Modelling Pancreatic Neuroendocrine Cancer: From Bench Side to Clinic

Abstract

Pancreatic neuroendocrine tumours (pNETs) are a heterogeneous group of epithelial tumours with neuroendocrine differentiation. Although rare (incidence of <1 in 100,000), they are the second most common group of pancreatic neoplasms after pancreatic ductal adenocarcinoma (PDAC). pNET incidence is however on the rise and patient outcomes, although variable, have been linked with 5-year survival rates as low as 40%. Improvement of diagnostic and treatment modalities strongly relies on disease models that reconstruct the disease ex vivo. A key constraint in pNET research, however, is the absence of human pNET models that accurately capture the original tumour phenotype. In attempts to more closely mimic the disease in its native environment, three-dimensional culture models as well as in vivo models, such as genetically engineered mouse models (GEMMs), have been developed. Despite adding significant contributions to our understanding of more complex biological processes associated with the development and progression of pNETs, factors such as ethical considerations and low rates of clinical translatability limit their use. Furthermore, a role for the site-specific extracellular matrix (ECM) in disease development and progression has become clear. Advances in tissue engineering have enabled the use of tissue constructs that are designed to establish disease ex vivo within a close to native ECM that can recapitulate tumour-associated tissue remodelling. Yet, such advanced models for studying pNETs remain underdeveloped. This review summarises the most clinically relevant disease models of pNETs currently used, as well as future directions for improved modelling of the disease.

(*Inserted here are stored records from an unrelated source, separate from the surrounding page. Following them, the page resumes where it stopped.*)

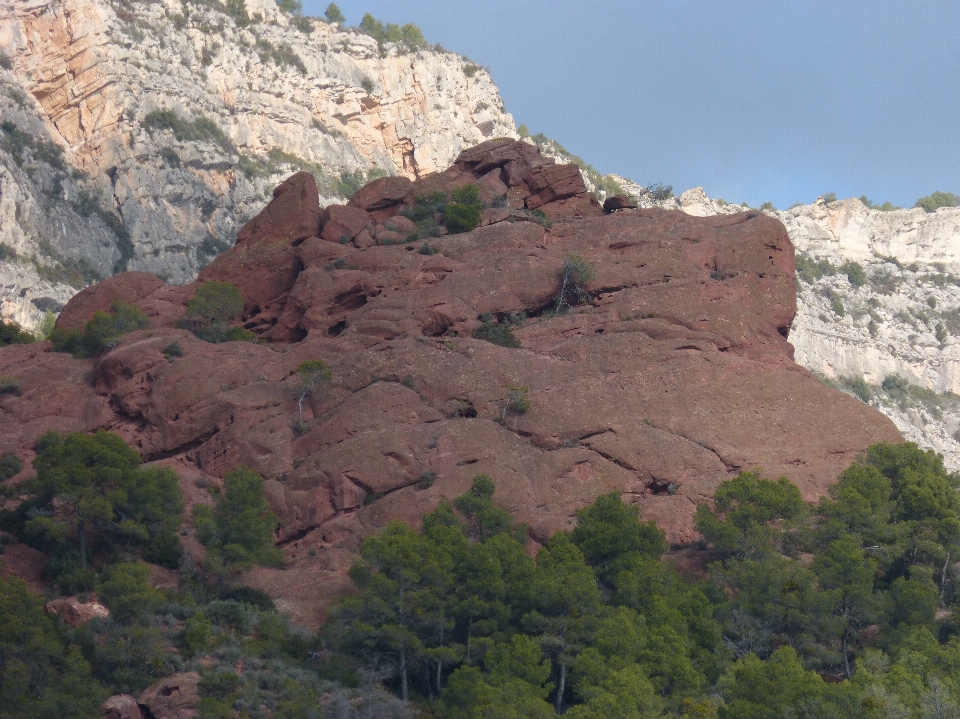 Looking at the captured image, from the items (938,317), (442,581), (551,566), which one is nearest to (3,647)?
(442,581)

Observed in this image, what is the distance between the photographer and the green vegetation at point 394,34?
137500 mm

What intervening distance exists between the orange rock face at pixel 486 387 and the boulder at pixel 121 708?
707 cm

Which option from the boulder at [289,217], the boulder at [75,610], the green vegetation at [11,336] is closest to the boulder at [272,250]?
the boulder at [289,217]

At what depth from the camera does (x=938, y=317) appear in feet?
421

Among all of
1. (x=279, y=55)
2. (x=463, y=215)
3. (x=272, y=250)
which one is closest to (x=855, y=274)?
(x=279, y=55)

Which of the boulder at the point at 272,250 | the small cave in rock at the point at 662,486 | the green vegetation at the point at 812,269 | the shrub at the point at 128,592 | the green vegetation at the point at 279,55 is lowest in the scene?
the shrub at the point at 128,592

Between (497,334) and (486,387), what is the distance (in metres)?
3.93

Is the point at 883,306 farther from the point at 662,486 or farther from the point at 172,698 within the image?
the point at 172,698

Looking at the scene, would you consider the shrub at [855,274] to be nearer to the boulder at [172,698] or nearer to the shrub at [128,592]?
the shrub at [128,592]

Keywords: disease models; genetically engineered mouse models; multicellular spheroids; organoids; pancreatic cancer; pancreatic neuroendocrine tumours.

Figure 1

Generating a knockout mouse model: Generation of a knockout mouse model involves the incorporation of a predesigned target gene into embryonic stem cells (ESCs) (1–3) followed by their incorporation into a blastocyst and later into a surrogate mouse (4–5). Chimeric offspring are crossbred with wild-type mice and new-born heterozygous mice are bred again to produce homozygous offspring bearing the mutation of interest (6–9). (X^*/*—Hetero/homozygosity for target gene) (Illustration created with BioRender.com.)

Figure 2

Multicellular spheroids (MCSs) are derived from cell lines or patient-derived xenograft (PDX) cells (A). Increased cellular expression of cadherins and their intercellular cadherin–cadherin interactions lead to spheroid compaction. Mature spheroids show a concentric organisation into multilayered structures leading to nutrient gradient formation, resulting in insufficient transport towards their core as well as elimination of waste products. Organoids (B) are derived from primary tissue stem cells and their culture gives rise to structures mimicking the original tissue architecture. (Illustration created with BioRender.com.)